The South African sharing the image has replied to this in Afrikaans in their caption: “Ruik julle dit ook? Dit is beslis nie my skoensole nie.” This means: “Do you smell it too? It’s definitely not the soles of my shoes.”

The image appears to be a screenshot of a Facebook post with a Polish caption, which shows the packaging of an AstraZeneca Covid-19 vaccine. A pink arrow points to the date “2018.07.15” stamped on the box. 

AstraZeneca, Pfizer and Johnson & Johnson Covid-19 vaccines have received approval from the South African Health Products Regulatory Authority, or Sahpra, for use in South Africa. 

Initially the South African government decided not to use the AstraZeneca vaccine as it was believed to be less effective against the Beta variant of Covid-19, at the time spreading in the country. 

On 30 July 2021 deputy health minister Joe Phaahla said the government was re-considering its use as new research showed it was more than 70% effective against the by then more dominant Delta variant.  

Does this image shared on social media prove that the AstraZeneca Covid-19 vaccine was in fact manufactured in 2018? We checked.

VaccineDate_Fake

Date was photoshopped onto the image 

Die foto lyk vir my na ‘n swak photoshop edit,” was one person’s comment on the image. In Afrikaans this means: “This photo looks like a poor photoshop edit to me.”

They pointed out that the text of the date stamp is darker and clearer than the text on the right tag of the packaging. And this social media user has done their debunking homework. 

We found the original photo, shared on Facebook on 12 November 2020, almost eight months before the date-stamped version was shared. 

The image is exactly the same, even down to the number 108438/3 printed on the box. The only difference is that it does not have the poorly photoshopped date stamp.

Reuters debunked similar claim 

The original photo was shared with a claim that according to an employee working in a company producing packaging for drugs” the ordering and production of vaccine packaging began “at least four months ago”. 
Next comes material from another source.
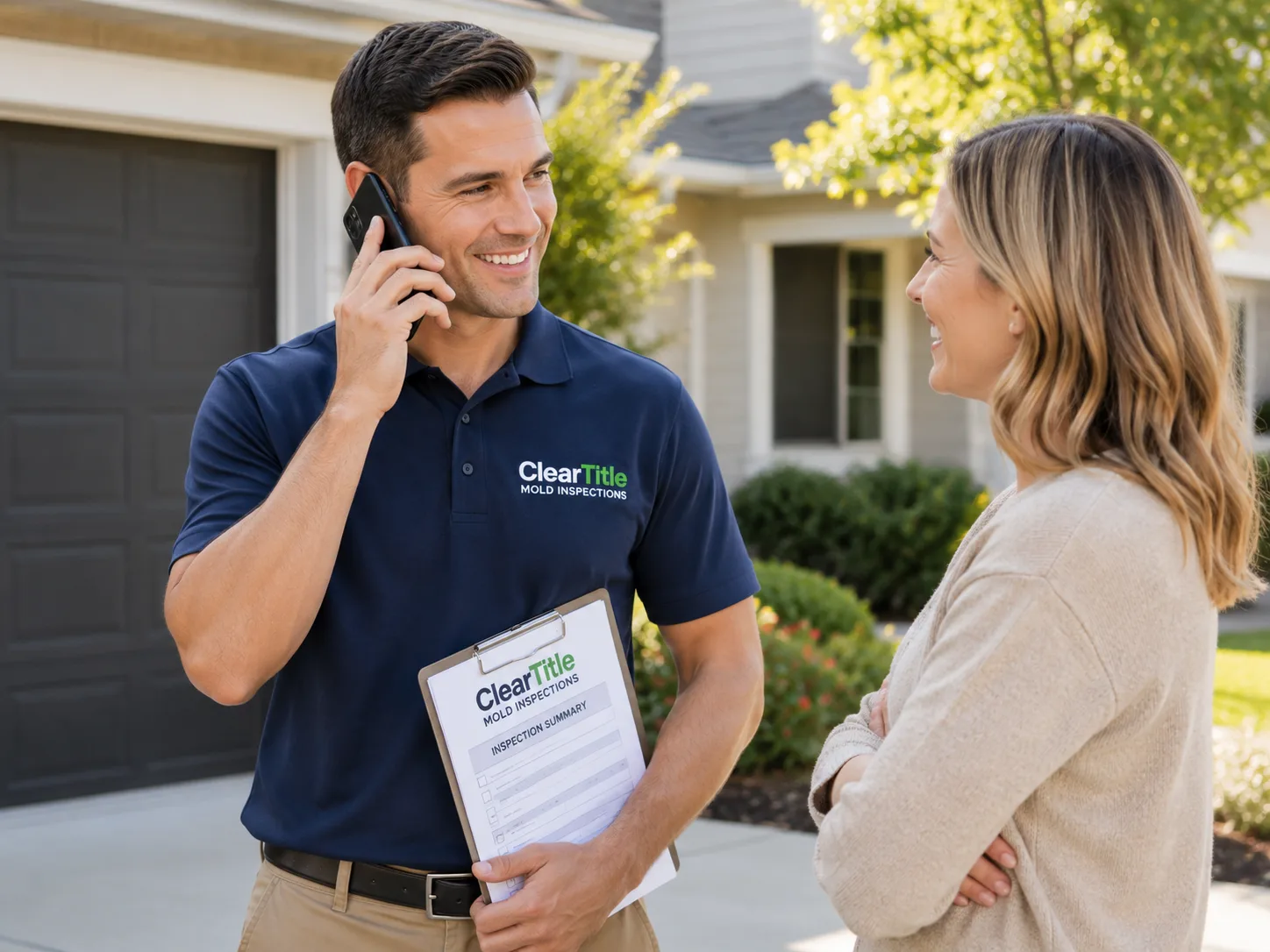 Mold Inspection For Home Sale Sandia, TX FAQs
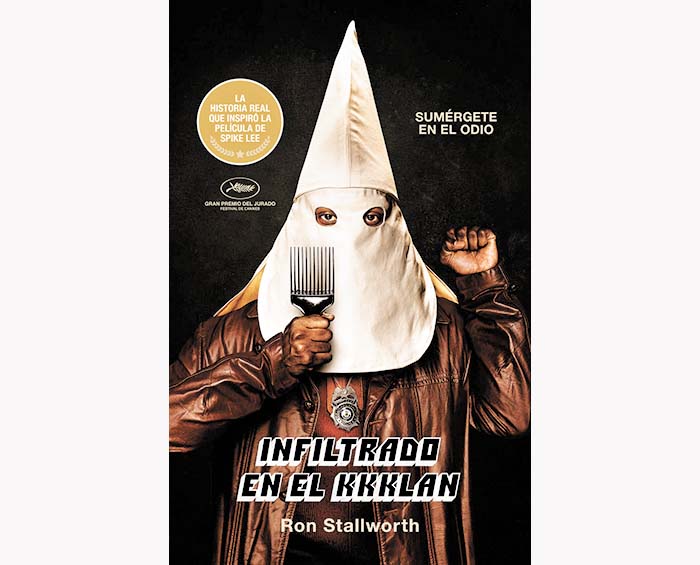 A lo largo de la película aparece como personaje David Duke, el antiguo líder del Ku Klux Klan, actual partidario de Trump.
“So the production of packaging with the composition of the vaccine started before the announcement that the vaccine had already been invented,” the claim said.

On 26 October 2020, AstraZeneca announced that “its experimental Covid-19 vaccine produced an immune response in both young and old adults”. News agency Reuters said this could be the announcement the earlier post referred to.

Because the AstraZeneca vaccine was first delivered to human volunteers almost seven months before the post, “reference to packaging orders being placed more than four months ago does not provide evidence that the company had prior warning of the pandemic”.

Catalent provides packaging for the AstraZeneca vaccine. Chris Halling, the director of global communications and marketing at Catalent, told Reuters they don’t usually start production of packaging for unapproved drugs. 

But because of the need to get vaccines out quickly, they worked with their customers “to be able to quickly supply huge volumes of doses should their Covid-19 vaccine or therapy prove successful in clinical trials”.

There is nothing suspicious about this image, not the original and not the digitally manipulated version.